Before analysing the obligations and measures that the DSA introduces, it will be better to clarify the meaning of digital platforms of intermediary services. These are providers of telematic means that facilitate the meeting between the service provider and the users and consumers of those services intended for a public residing in the EU, regardless of the place of establishment of the intermediary provider. Some of the services they offer refer to the classification that the DSA makes of them: intermediation services that provides network infrastructure, data hosting (cloud services), cache memory service, online platforms that bring together sellers and consumers, search engines and massive platforms and engines.
In short, the regulations will be applied, with different degrees of obligations, to data hosting services, online search engines, social networks and marketplaces, leaving interpersonal communication services, which include electronic and private messaging, outside the scope of application.
The set of measures that the regulation brings is broad, but they include elements such as KYBC traceability or the creation of new figures such as digital service coordinators or reliable whistle-blowers. The idea is not only to offer better and more regulated content, but also to offer greater traceability of online companies, achieve an effective guarantee for users by avoiding abuse (quality services at a low price) or prohibiting selective ads.

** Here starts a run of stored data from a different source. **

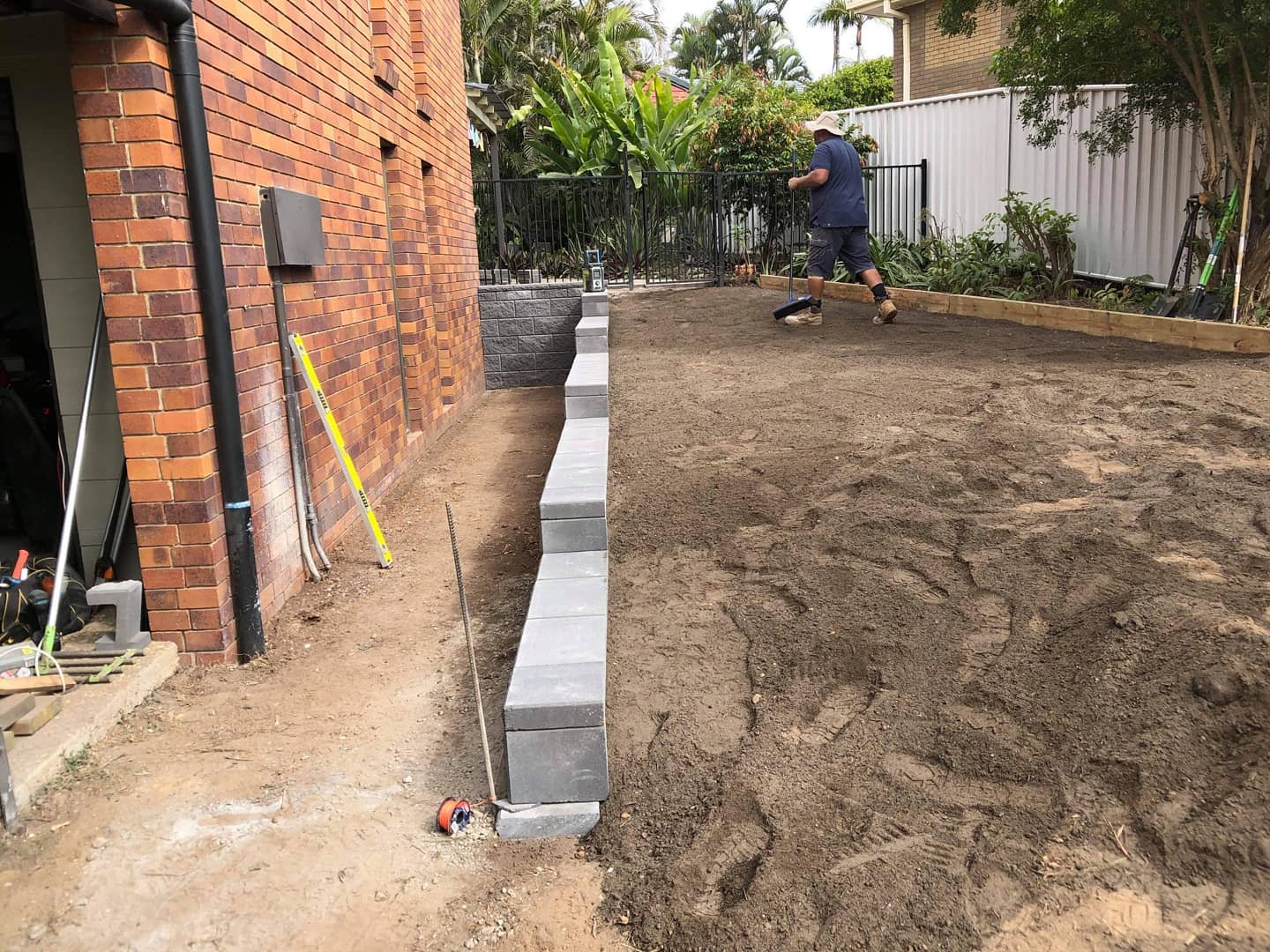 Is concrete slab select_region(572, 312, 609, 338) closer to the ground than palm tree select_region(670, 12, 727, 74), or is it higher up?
closer to the ground

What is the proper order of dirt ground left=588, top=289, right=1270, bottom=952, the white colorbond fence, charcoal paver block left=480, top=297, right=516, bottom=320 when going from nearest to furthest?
dirt ground left=588, top=289, right=1270, bottom=952
the white colorbond fence
charcoal paver block left=480, top=297, right=516, bottom=320

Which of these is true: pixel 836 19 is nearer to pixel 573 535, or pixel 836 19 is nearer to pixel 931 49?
pixel 931 49

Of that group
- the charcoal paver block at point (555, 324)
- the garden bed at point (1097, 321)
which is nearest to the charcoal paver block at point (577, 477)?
the garden bed at point (1097, 321)

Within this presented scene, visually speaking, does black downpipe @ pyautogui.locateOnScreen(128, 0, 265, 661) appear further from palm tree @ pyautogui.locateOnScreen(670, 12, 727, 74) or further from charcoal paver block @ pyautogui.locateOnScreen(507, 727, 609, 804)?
palm tree @ pyautogui.locateOnScreen(670, 12, 727, 74)

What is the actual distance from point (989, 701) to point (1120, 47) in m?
7.69

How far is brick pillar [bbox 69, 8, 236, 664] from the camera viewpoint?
365cm

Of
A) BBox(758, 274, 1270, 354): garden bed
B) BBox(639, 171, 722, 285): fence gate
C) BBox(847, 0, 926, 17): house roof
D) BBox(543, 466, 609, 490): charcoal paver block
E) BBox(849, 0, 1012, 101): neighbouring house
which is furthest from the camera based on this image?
BBox(847, 0, 926, 17): house roof

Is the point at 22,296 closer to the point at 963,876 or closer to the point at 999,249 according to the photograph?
the point at 963,876

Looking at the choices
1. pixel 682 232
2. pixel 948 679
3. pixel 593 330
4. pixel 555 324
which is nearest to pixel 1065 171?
pixel 682 232

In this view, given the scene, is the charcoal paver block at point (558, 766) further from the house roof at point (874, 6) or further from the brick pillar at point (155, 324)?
the house roof at point (874, 6)

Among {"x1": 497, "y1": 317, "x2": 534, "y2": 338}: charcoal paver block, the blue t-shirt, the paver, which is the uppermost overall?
the blue t-shirt

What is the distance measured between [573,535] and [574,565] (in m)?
0.29

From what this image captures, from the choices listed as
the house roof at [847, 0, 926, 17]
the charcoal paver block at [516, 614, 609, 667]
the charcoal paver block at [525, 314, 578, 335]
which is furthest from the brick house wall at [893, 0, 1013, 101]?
the charcoal paver block at [516, 614, 609, 667]

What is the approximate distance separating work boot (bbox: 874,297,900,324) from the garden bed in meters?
1.10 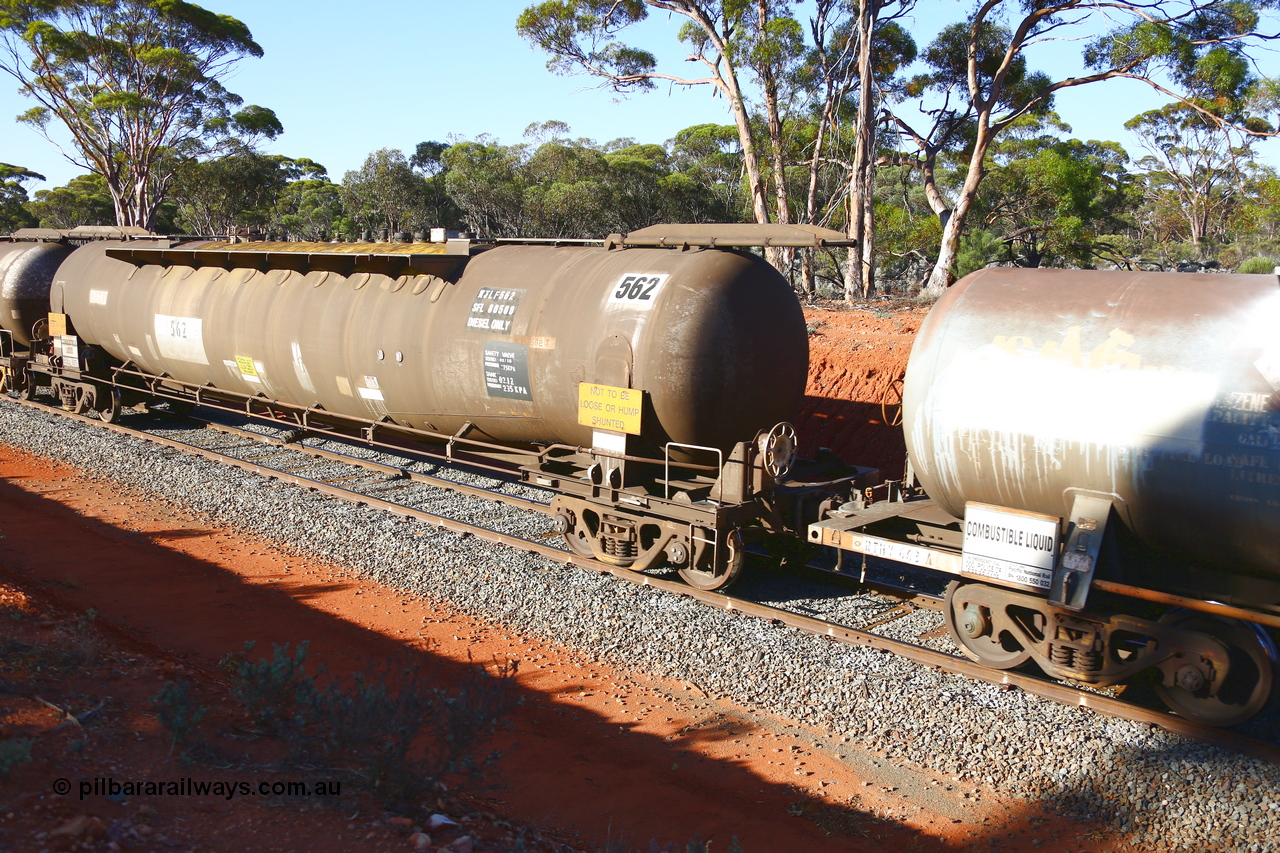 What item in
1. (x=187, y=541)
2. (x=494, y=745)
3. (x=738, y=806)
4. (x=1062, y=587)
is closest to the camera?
(x=738, y=806)

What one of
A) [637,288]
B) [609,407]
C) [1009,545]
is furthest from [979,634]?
[637,288]

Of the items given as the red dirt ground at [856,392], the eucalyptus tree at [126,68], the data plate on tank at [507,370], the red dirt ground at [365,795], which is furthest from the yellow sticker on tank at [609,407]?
the eucalyptus tree at [126,68]

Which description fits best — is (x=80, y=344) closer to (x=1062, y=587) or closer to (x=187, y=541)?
(x=187, y=541)

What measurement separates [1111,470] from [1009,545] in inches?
40.4

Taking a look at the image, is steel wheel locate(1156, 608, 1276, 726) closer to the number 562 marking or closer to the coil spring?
the coil spring

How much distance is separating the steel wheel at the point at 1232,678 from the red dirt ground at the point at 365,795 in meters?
1.83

This regulation will not be fully applied until next February 2024, even though some precepts entered into force on November 16, 2022. The most recent implementation has been the obligation for providers of services to report the average number of European users they work with. This report is essential to the subsequent designation of a platform as “massive” which, in turn, will result in a series of more restrictive obligations that only this category of platform must assume. In a couple of months, some providers with a massive user reach (more than 45 million users) will begin to have the ‘supervision fee’. In addition, they will have to performance independent audits before July 2023.
Another deadline to consider is February 16, 2024, by which time the Member States must have designated the competent authority at the national level that will oversee regulating the guidelines from the European Commission. On the other hand, the Commission is creating a European Center for Algorithmic Transparency (CETA) to support its new supervisory role with internal and external multidisciplinary expertise.
The what and how of the Digital Services Law
This new regulation establishes a regulatory framework applicable to intermediary services, preserving the liability exclusion regime for these service providers from Directive 2000/31/EC, but imposing transparency obligations. However, a general imposition of supervision on the part of the platforms of the content uploaded by users is still not a must, so they are exempt from verifying the legality of said content. If the providers know about illegal content, they will not be responsible for it, as long as they act diligently to obtain its withdrawal. On the other hand, users may act knowingly against the platform when their content is moderated, having tools to challenge moderation decisions and submit claims through an out-of-court resolution body or request redress before the courts.